Each picture input into the encoder is a three-channel picture with H x W x 3, and the resolution of the feature map obtained after the first stage is that After the second stage, the resolution of the characteristic diagram is/>After the third stage, the resolution of the characteristic diagram is as followsThe resolution of the feature map output by the third stage of the encoder after Bottlennek processing is/>Resolution is/>The feature map of (2) enters a patch expansion layer of the fifth stage, and the feature map resolution becomes/>Then, the feature map obtained by processing the feature map obtained in the third stage and the feature map obtained in the third stage through SCCSA modules enters a sixth stage, and the resolution is obtained after the patch expansion layer in the sixth stage is processedThe feature map obtained by carrying out SCCSA module processing on the feature map and the feature map obtained in the second stage enters a seventh stage, and the resolution is obtained after the patch expansion layer processing in the seventh stageThe feature map obtained by processing the feature map obtained in the first stage and the feature map obtained in the first stage through a SCCSA module is subjected to up-sampling to obtain a patch expansion layer which is 4 times as large as that of the feature map obtained in the first stage, then the feature map is subjected to linear mapping layer, finally the final feature map of H.W.class is output, class represents the number of channels, the value of each channel represents the confidence or probability that the U-shaped hybrid CNN-transducer network belongs to the corresponding Class of pixel points, and for one pixel point, the confidence or probability of which channel is the largest is that the pixel point belongs to which Class, and the segmented picture is obtained after judging the Class of each pixel point in the final feature map;

Training the CNN-transporter network by using the public data set, and when the loss of the CNN-transporter network is not changed, considering that the trained CNN-transporter network is obtained;

2. The method for accurately segmenting medical images of claim 1, wherein: the encoder and the decoder are both constructed in a layering way by adopting a three-stage pyramid structure, wherein the first stage of the encoder comprises a patch embedding layer and BiFormer blocks, the second stage to the third stage of the encoder comprises a patch merging layer and BiFormer blocks, and the first stage to the third stage of the decoder comprises a patch expanding layer and BiFormer blocks;

The patch embedding layer adopts two 3×3 convolution layers to dimension the characteristics of each region Converted to an arbitrary dimension, channel, denoted C.
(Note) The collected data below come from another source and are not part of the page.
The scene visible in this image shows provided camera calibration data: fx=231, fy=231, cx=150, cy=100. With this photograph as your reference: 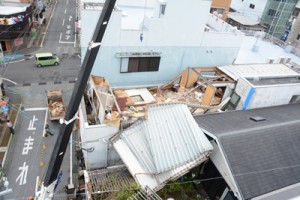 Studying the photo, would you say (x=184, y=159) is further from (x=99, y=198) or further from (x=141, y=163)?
(x=99, y=198)

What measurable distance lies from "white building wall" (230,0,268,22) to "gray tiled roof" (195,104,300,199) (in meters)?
39.2

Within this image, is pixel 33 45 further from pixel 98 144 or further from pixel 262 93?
pixel 262 93

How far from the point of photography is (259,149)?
13.2 meters

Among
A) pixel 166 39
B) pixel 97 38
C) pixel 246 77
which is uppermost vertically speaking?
pixel 97 38

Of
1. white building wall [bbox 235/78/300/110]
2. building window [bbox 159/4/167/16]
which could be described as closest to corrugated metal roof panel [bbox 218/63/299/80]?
white building wall [bbox 235/78/300/110]

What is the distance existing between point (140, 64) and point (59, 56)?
22566 millimetres

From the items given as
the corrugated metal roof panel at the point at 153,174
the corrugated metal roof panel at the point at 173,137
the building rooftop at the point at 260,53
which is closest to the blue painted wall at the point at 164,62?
the building rooftop at the point at 260,53

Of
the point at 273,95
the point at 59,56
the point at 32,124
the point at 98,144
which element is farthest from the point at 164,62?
the point at 59,56

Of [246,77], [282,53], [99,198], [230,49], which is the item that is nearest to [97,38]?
[99,198]

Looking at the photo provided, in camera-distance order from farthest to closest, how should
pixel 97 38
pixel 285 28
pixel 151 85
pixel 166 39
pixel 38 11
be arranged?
pixel 285 28, pixel 38 11, pixel 151 85, pixel 166 39, pixel 97 38

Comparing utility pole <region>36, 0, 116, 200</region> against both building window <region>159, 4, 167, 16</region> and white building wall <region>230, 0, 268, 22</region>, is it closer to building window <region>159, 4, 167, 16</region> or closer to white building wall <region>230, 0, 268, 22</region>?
building window <region>159, 4, 167, 16</region>

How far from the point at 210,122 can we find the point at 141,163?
17.2ft

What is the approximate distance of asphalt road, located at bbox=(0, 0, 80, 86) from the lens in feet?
98.2

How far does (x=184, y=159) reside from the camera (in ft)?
43.5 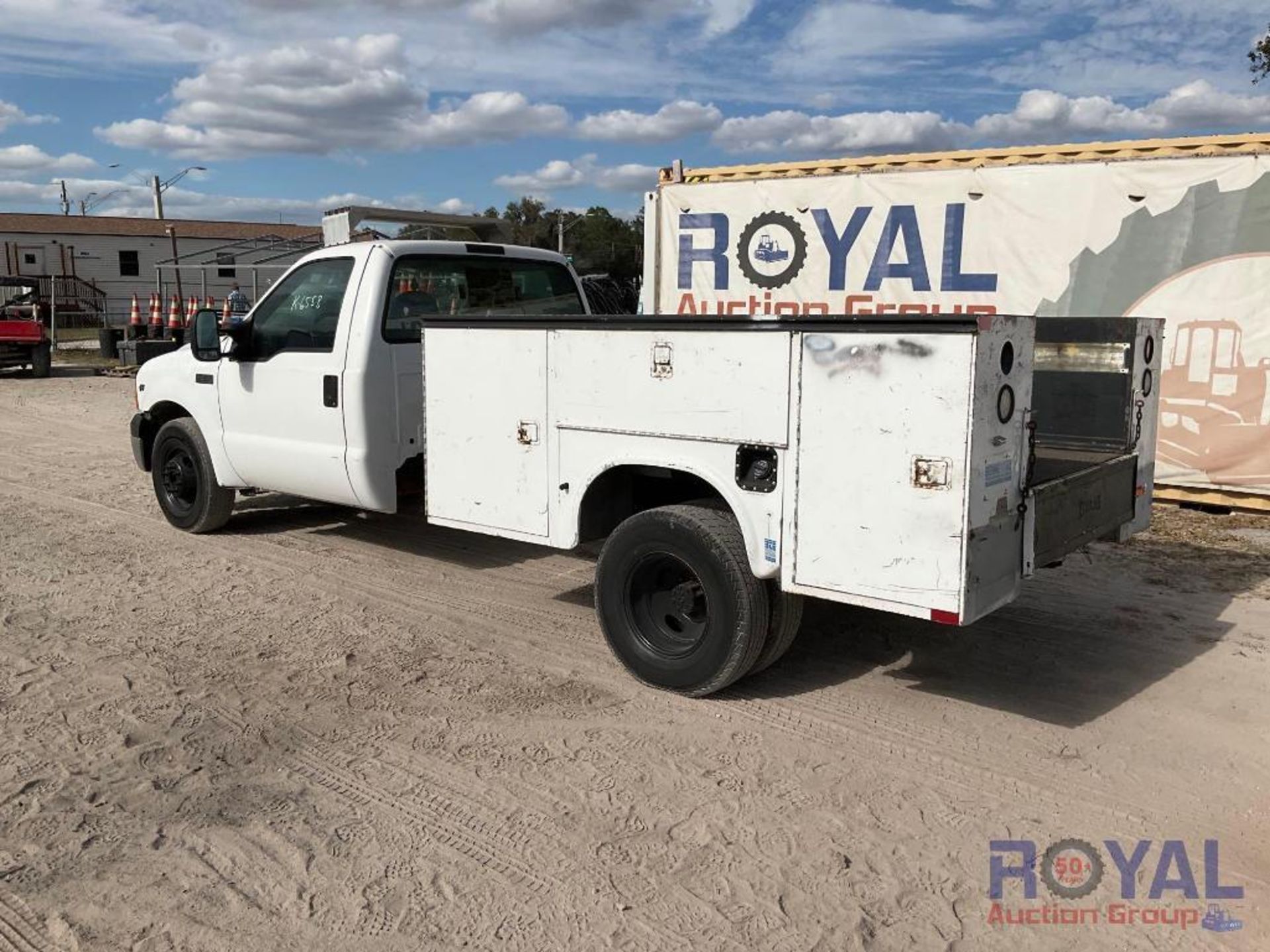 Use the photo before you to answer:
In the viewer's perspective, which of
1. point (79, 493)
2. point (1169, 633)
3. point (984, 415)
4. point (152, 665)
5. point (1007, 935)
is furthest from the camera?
point (79, 493)

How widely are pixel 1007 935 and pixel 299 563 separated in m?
5.25

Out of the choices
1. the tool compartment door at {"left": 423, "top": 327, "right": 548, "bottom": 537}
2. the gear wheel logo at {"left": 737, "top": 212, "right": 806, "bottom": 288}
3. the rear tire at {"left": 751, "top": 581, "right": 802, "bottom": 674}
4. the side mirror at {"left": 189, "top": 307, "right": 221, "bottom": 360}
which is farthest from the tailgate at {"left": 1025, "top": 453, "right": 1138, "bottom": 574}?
the gear wheel logo at {"left": 737, "top": 212, "right": 806, "bottom": 288}

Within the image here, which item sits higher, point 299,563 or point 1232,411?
point 1232,411

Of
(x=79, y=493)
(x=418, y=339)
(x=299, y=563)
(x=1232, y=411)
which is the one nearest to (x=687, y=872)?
(x=418, y=339)

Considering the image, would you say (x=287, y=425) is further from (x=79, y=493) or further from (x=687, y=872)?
(x=687, y=872)

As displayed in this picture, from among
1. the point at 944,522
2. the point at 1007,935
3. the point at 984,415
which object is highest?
the point at 984,415

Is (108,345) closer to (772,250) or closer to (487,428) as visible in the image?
(772,250)

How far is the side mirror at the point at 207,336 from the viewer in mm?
7059

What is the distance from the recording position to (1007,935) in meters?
3.08

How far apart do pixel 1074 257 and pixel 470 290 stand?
543 centimetres

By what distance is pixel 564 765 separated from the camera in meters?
4.12

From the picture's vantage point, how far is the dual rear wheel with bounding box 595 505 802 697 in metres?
4.46

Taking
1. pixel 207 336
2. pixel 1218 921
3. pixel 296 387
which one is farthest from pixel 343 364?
pixel 1218 921

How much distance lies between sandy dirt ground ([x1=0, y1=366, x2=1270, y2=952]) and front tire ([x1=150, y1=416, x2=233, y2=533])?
853 millimetres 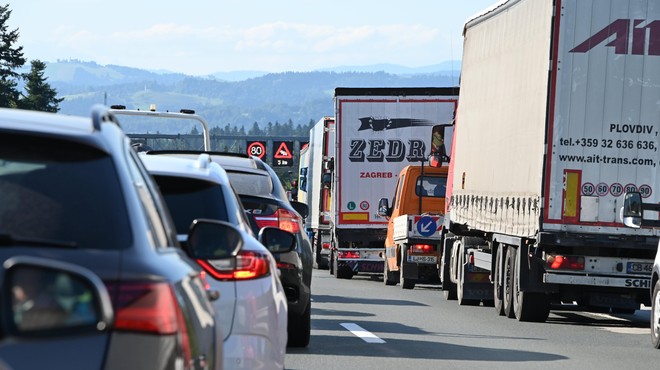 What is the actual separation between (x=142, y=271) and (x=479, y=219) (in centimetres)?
1788

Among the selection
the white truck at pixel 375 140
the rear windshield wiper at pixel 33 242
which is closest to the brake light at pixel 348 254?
the white truck at pixel 375 140

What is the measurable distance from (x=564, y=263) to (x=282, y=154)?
3398 inches

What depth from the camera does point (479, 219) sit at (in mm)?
21562

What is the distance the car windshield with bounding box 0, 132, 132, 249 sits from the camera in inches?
160

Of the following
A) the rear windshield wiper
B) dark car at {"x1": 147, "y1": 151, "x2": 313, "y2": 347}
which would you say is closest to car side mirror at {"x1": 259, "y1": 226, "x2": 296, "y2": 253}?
dark car at {"x1": 147, "y1": 151, "x2": 313, "y2": 347}

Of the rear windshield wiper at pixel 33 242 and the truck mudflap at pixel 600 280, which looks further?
the truck mudflap at pixel 600 280

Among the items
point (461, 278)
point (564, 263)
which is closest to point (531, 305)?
point (564, 263)

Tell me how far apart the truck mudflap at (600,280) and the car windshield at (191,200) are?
1020 cm

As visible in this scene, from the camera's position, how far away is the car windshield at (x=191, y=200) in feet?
25.4

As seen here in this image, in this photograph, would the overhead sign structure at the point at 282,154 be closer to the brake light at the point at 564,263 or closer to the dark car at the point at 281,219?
the brake light at the point at 564,263

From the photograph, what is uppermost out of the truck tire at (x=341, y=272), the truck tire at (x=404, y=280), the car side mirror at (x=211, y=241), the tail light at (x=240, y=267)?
the car side mirror at (x=211, y=241)

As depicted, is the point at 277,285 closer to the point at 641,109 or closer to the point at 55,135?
the point at 55,135

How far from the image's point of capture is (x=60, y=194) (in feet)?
13.6

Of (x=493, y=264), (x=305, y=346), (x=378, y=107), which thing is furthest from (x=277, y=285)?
(x=378, y=107) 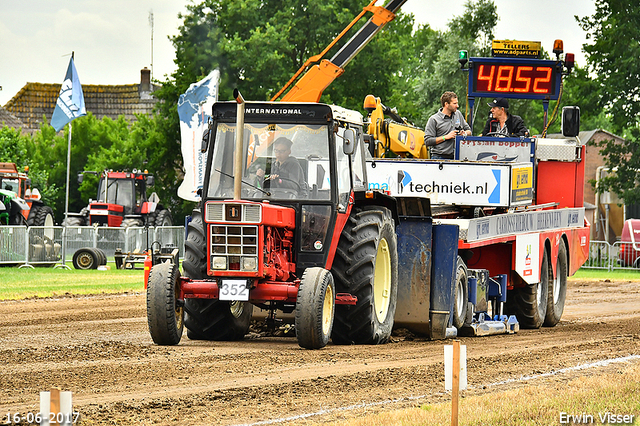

3. A method of enabling accurate medical image segmentation as set forth in claim 2, wherein: the Bottlennek consists of a patch combining layer and BiFormer blocks, which reduce resolution and increase channel number for the output of the encoder.

4. A method of enabling accurate medical image segmentation as set forth in claim 3, wherein: the SCCSA module comprises the following specific steps: the feature map x ₁ is input and,Intermediate state F ₁,F₂,F₃ and output x ₃ are represented as:

F₁＝Concat(x₁,x₂), (1)

x₃＝FC(F₃). (4)

5. A method of enabling accurate medical image segmentation as set forth in claim 3, wherein: training a loss function for use in a U-shaped hybrid CNN-transporter networkThe method comprises the following steps:

Wherein, Representing the Dice loss,/>Representing cross entropy loss, N is the number of pixels, g (k, i) ε (0, 1) and p (k, i) ε (0, 1) represent the true label and probability of generation for class k, respectively. K is the number of categories,/>Is of all kinds

And the sum of other weights. Lambda is the balanceAnd/>The weighting factor of the effect, ω _k, represents the weight of the category, k is the index of the summation,

The index representing the class i is the index of the pixel point and n is a scaling factor.